* [Try it]:
Copy the listing below letter for letter, passing over each picture.

* [Data shown]:
+ + + + +
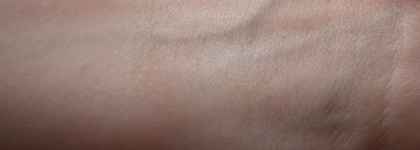 Моя коллекция бальзамов для губ от Lush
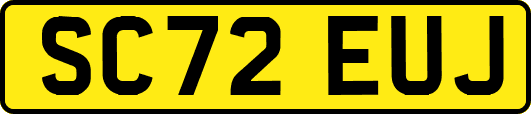 SC72EUJ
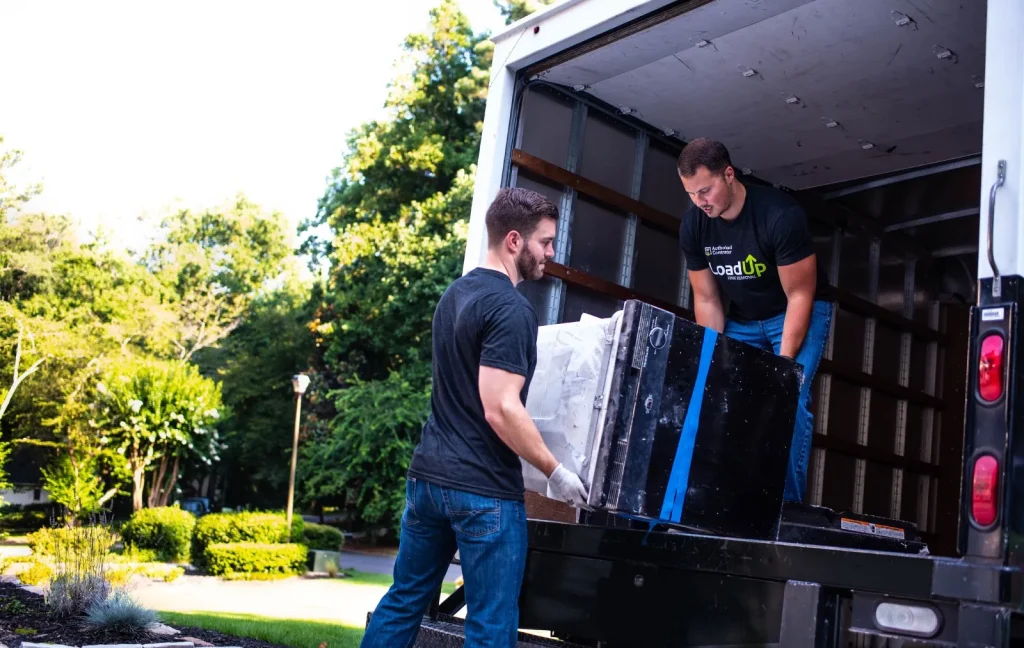 Estate Cleanout Experts in Prescott: Compassionate, Full-Service Help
+ + + + +
* [Response]:
 Моя коллекция бальзамов для губ от Lush
 SC72EUJ
 Estate Cleanout Experts in Prescott: Compassionate, Full-Service Help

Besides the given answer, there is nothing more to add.